Tributes continue to be posted online notably below the line on the reliable Jazz Video Guy channel on YouTube to soprano and tenor saxophonist Carlos Garnett - best known for his work with Miles Davis in the 1970s - who died on 3 March aged 84. We have no other details other than what is posted on Garnett's Facebook page two days ago that reads he died on 3 March at 3.10pm ''in his home and in the arms of his wife Ana Garnett.''
Keyboardist Mark De Clive-Lowe commenting describes Garnett as ''the grandmaster'' on Twitter. And several US DJs have already aired shows in his memory playing select work.
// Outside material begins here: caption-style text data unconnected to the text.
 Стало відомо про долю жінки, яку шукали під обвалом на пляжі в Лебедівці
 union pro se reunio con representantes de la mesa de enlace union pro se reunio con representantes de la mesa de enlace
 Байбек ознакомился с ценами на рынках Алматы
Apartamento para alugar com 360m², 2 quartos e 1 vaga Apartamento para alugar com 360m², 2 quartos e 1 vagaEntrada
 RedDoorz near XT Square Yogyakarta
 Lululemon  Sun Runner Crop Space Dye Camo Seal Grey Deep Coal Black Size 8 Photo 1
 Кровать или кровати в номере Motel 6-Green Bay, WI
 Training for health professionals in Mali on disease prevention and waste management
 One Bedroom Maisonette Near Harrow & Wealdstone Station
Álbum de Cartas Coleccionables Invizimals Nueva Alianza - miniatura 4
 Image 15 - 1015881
Born, like icons of the music Billy Cobham and Danilo Pérez in the Central American state of Panama, Garnett moved to New York City in the 1960s. And after gigging with rock acts he joined Freddie Hubbard to participate on the great trumpeter's A Soul Experiment.
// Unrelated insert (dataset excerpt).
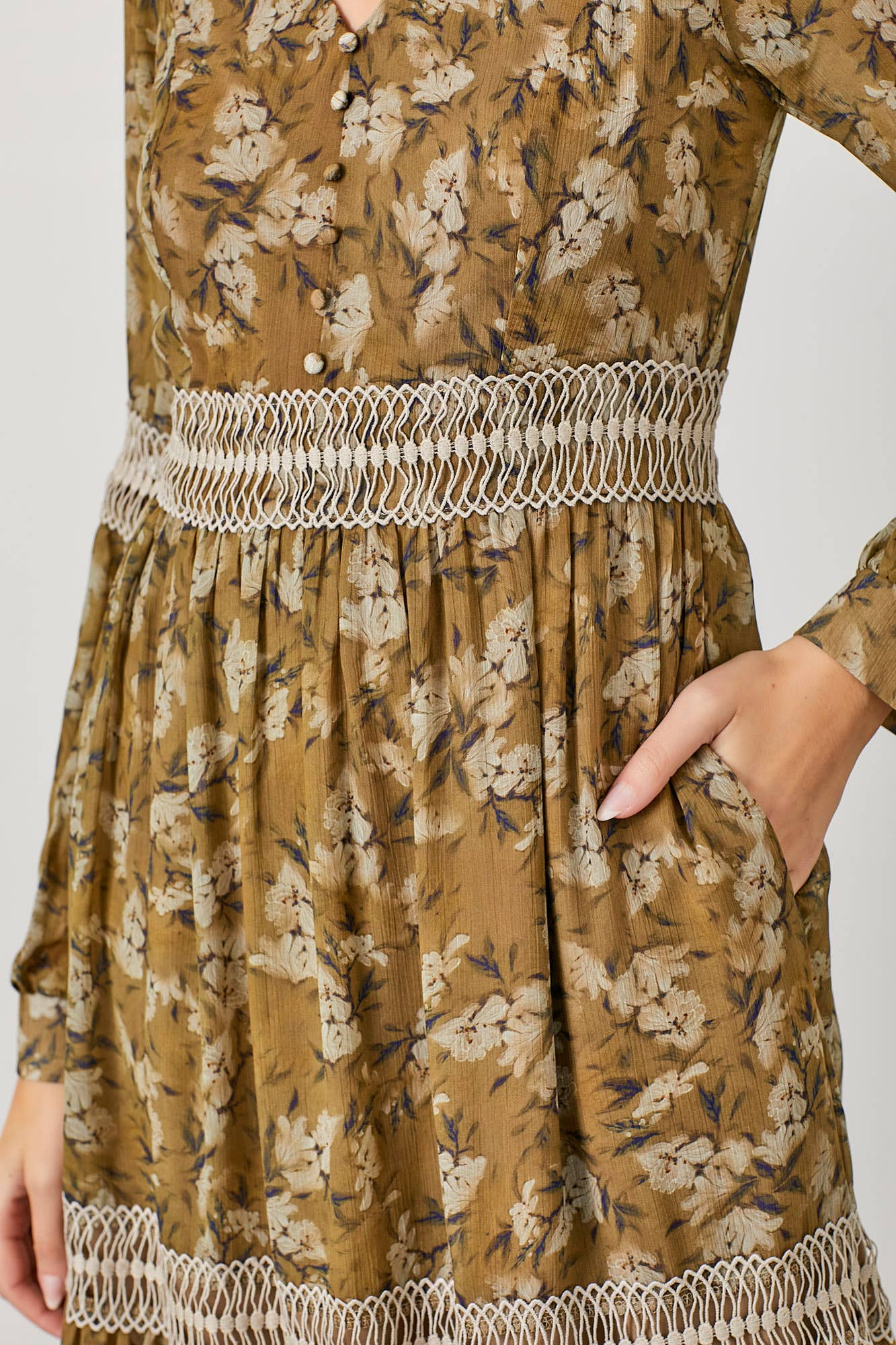 FLORAL PRINT LACE TRIM DRESS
With Miles he's on albums such as On The Corner and Big Fun. Garnett had his own band the Universal Black Force with whom he recorded extensively on the Muse label, mainly in the 70s and then in a much later spell during the 90s. Garnett's album Black Love released on Muse in 1974 is a fan favourite on which he is joined by among others singer Dee Dee Bridgewater, drummers Billy Hart and Norman Connors and on congas Mtume who died last year.